To answer the tax question one would need to understand the federal system in the US, but the basic answer is that taxes are different in different cities and states: municipal tax, state tax, food tax, non-food tax, clothes tax, alcohol tax, environmental tax, tax free weekends, jaywalking tax etc… So for the businesses - particularly chains - this system is more efficient due to the economic theory of ‘menu costs’ (the costs to firms of updating menus, price lists, brochures, and other materials when prices are different or fluctuate). So, not to go into too much economic theory, basically, It is infinitely more cost effective for McDonalds to mount a national advertisement for that Double Cheeseburger at 99cents, and then mass produce posters and billboards (economies of scale) - rather than 25,000 different local ‘price accurate’ campaigns! (I'm actually more surprised you didn't mention 'gratuity' - a much more complex phenomena for your average Brit!)
12th May 2010

The homeless are treated like royalty in Frisco
The problem of homelessness in Frisco is exacerbated by the fact that the city government does not do enough to discourage homeless people from coming to Frisco.
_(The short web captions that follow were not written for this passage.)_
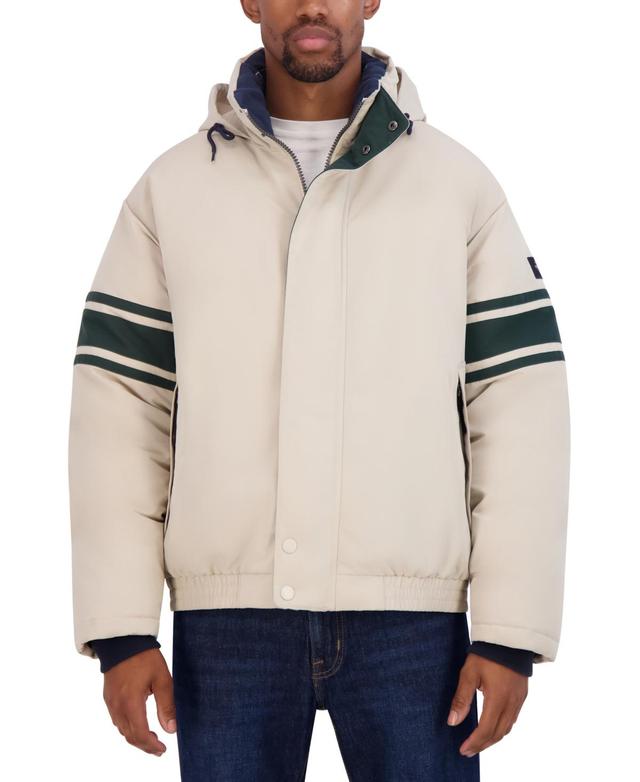 Nautica Mens Colorblocked Vintage Puffer Jacket Product Image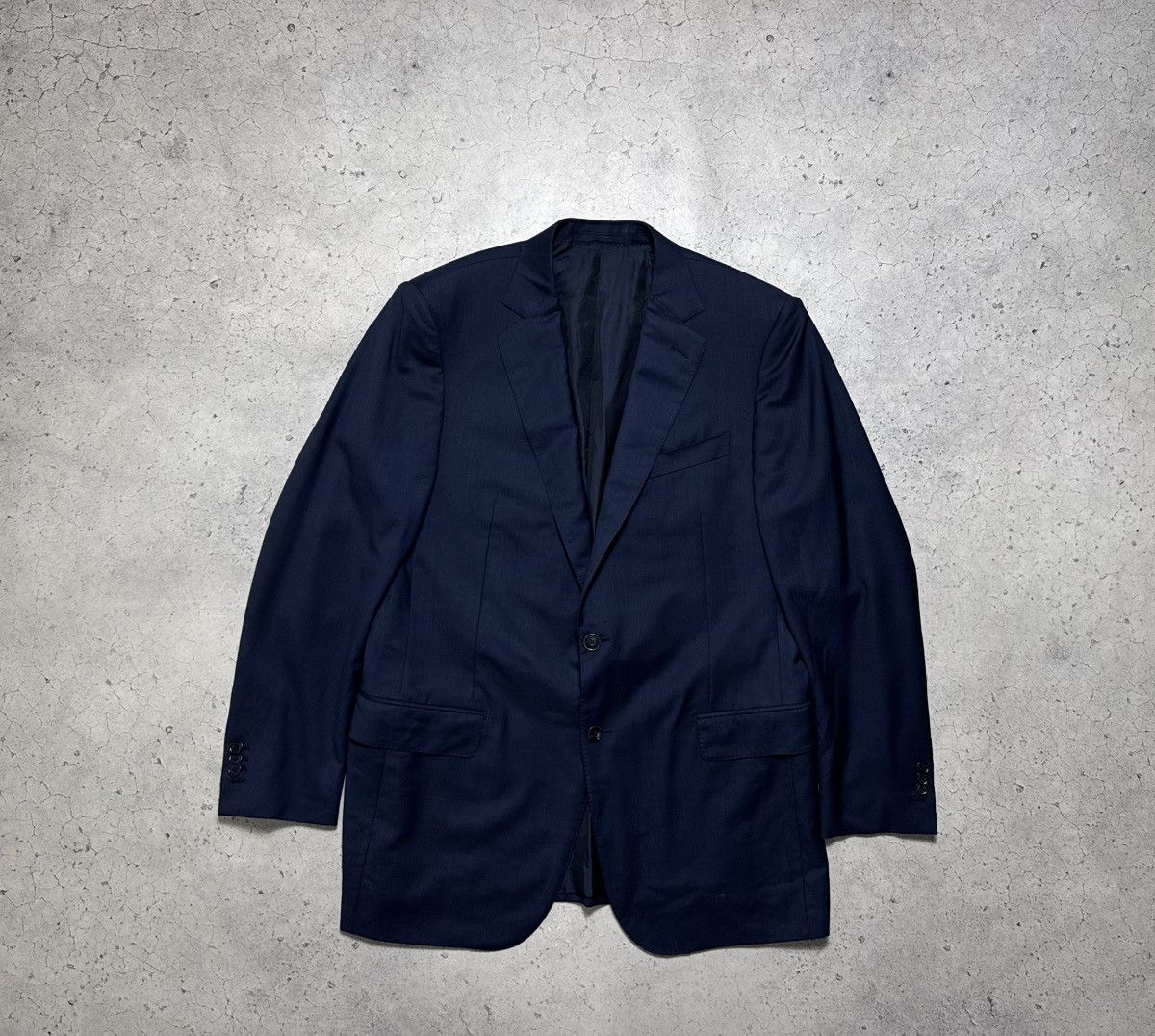 Ermenegildo Zegna Ermenegildo Zegna Luxury Vintage Wool Blazer Size 52R Size 52R - 2 Thumbnail
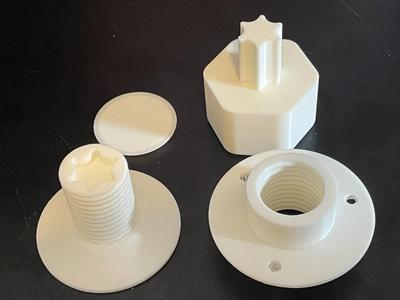 Low profile cabinet legs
I can just imagine a bunch of homeless people inside a boxcar drinking coffee or tea or whatever the hell it is that they drink and talking about their next destination. “Hello there Jethro, where you headed to?” “Just down yonder to Frisco, Joe Bob. I hear they treat homeless scum like us pretty good down there.” “You don’t say? I might just go down there myself, I reckon.” I was at the city library one time in Frisco reading W. P. Kinsella’s Shoeless Joe in one of the reading rooms when a couple of foul smelling homeless people came in with their stinking backpacks. These two looked like they hadn’t had a shower in months, maybe years even. At first they were real quiet and behaving like good citizens. But they couldn’t keep their mouths shut for too long. It only took two minutes before one of them started whispering about what they were serving at the nearest soup kitchen. “What are they serving over at the soup kitchen Ed?” “Mushroom soup and sourdough” replied Ed monotonically. “I’m sick of mushroom soup.” “Yeah, me too. They served noodle soup all week last week, and the week before that they served ham sandwiches.” “How’s the panhandlin’ these days. Gettin’ much lately?” “Nah, people are a little tight with their money these days.” “Cheap bastards. I hate people who don’t like giving away their money. It’s not like we’re asking for a lot, just a few dollars here and there so we don’t have to eat in that stinking soup kitchen everyday.” “Yeah, the city needs to do something about that soup kitchen. We gotta demonstrate at city hall to demand for better food at the soup kitchen. Same menu everyday for cryin’ out loud! Don’t they know how boring eating the same thing everyday is? These people probably never missed a meal all their lives.” “Yeah, just because we’re homeless doesn’t mean that we have to eat boring food everyday. Homeless people have a right to eat decent food too you know?” Believe me, that conversation actually took place between those two homeless folks. And you wonder why the homeless are ubiquitous in Frisco. Not only are they tolerated but they treat these folks like royalty.
13th May 2010

I'm glad you like San Fran. I went to visit this lovely city, 7 times in my 5 years living in NYC. Its where we had our honeymoon and also took a side trip to Lake Tahoe - a charming place too.